**SOURCE RECORDS:**
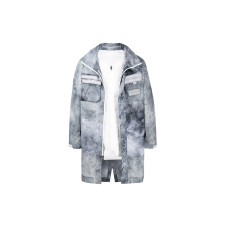 Jordan 23 Engineered Printed Parka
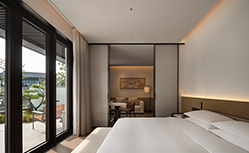 蘇州虎丘璞燊酒店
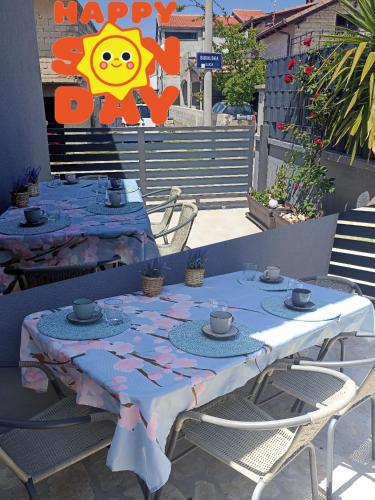 Apartman Lara Zadar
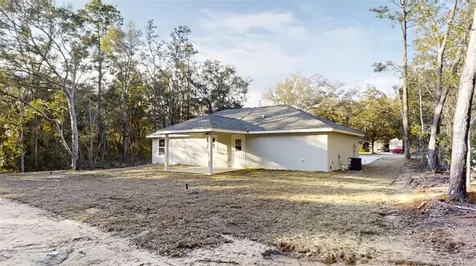 19656 SW Lark Avenue Dunnellon FL 34431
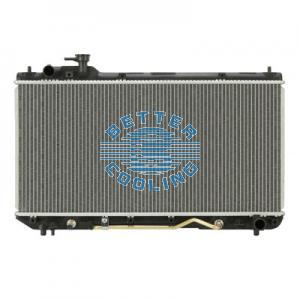 Auto Radiator For Pontiac 08-09 G8 Dpi: 13043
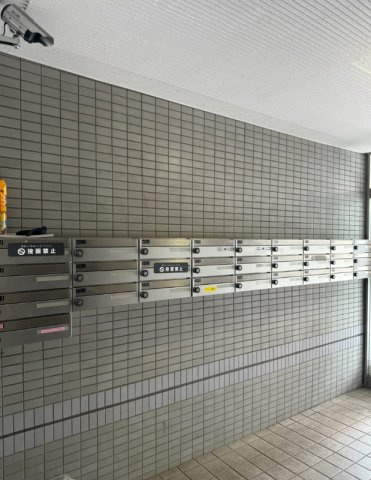 【その他共用部分】 | トーケンフラット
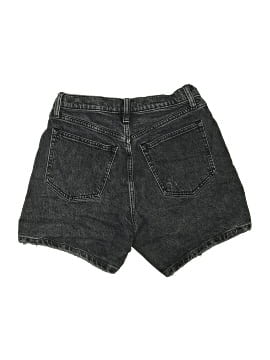 Abercrombie & Fitch Denim Shorts (view 2)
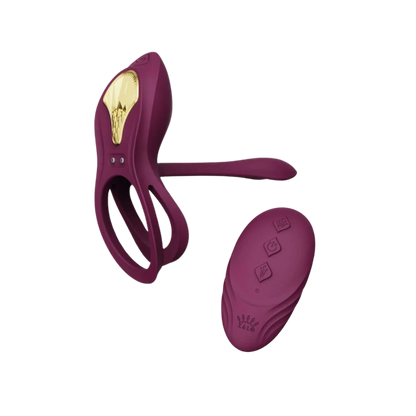 Bayek Insertable C-Ring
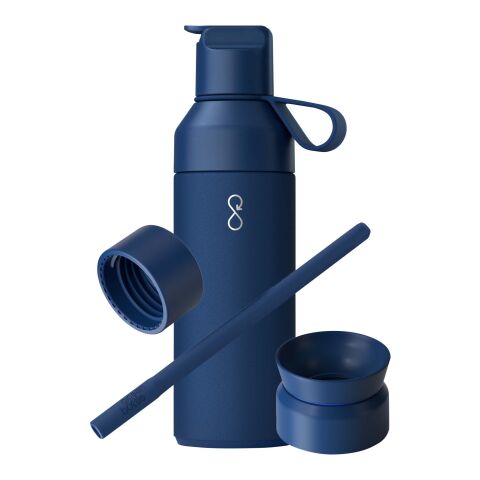 Ocean Bottle 500 ml 3-i-1-presentförpackning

**WORK TASK:** The material above is to be transcribed exactly, with its images omitted.

**EXERCISE OUTPUT:**
 Jordan 23 Engineered Printed Parka
 蘇州虎丘璞燊酒店
 Apartman Lara Zadar
 19656 SW Lark Avenue Dunnellon FL 34431
 Auto Radiator For Pontiac 08-09 G8 Dpi: 13043
 【その他共用部分】 | トーケンフラット
 Abercrombie & Fitch Denim Shorts (view 2)
 Bayek Insertable C-Ring
 Ocean Bottle 500 ml 3-i-1-presentförpackning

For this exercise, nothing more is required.